» What this task involves
Your answer should be the lines below from the one holding "Passenger Seat Occupant" through the one holding "To begin our", copied exactly and with nothing else.

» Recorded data
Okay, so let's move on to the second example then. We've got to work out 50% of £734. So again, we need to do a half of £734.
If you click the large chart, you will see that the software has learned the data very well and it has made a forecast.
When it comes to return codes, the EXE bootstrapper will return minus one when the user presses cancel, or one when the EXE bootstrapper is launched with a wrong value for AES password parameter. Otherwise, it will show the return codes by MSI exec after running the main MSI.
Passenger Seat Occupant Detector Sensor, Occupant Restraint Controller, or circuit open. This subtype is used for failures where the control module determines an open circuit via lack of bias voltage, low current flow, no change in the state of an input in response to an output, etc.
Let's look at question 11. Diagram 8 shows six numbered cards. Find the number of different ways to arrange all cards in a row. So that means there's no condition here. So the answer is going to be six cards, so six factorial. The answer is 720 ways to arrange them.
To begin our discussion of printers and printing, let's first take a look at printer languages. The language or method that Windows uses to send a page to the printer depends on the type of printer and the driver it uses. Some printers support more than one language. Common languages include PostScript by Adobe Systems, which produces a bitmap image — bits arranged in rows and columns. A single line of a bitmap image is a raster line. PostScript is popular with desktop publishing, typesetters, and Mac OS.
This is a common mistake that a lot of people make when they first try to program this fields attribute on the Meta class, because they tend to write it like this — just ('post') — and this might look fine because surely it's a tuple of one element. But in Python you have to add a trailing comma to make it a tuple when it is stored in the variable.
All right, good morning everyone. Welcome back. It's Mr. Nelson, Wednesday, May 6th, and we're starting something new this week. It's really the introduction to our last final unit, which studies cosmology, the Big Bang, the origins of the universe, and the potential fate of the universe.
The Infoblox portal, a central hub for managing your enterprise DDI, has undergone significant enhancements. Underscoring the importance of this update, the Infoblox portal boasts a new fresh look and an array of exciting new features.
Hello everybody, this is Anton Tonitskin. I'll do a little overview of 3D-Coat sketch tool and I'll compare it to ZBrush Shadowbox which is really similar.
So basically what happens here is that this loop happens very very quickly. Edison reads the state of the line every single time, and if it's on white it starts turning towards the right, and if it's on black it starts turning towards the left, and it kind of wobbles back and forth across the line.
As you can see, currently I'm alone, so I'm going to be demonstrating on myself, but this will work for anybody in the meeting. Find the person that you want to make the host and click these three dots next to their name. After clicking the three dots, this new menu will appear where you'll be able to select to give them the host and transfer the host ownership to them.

» Finished task
Passenger Seat Occupant Detector Sensor, Occupant Restraint Controller, or circuit open. This subtype is used for failures where the control module determines an open circuit via lack of bias voltage, low current flow, no change in the state of an input in response to an output, etc.
Let's look at question 11. Diagram 8 shows six numbered cards. Find the number of different ways to arrange all cards in a row. So that means there's no condition here. So the answer is going to be six cards, so six factorial. The answer is 720 ways to arrange them.
To begin our discussion of printers and printing, let's first take a look at printer languages. The language or method that Windows uses to send a page to the printer depends on the type of printer and the driver it uses. Some printers support more than one language. Common languages include PostScript by Adobe Systems, which produces a bitmap image — bits arranged in rows and columns. A single line of a bitmap image is a raster line. PostScript is popular with desktop publishing, typesetters, and Mac OS.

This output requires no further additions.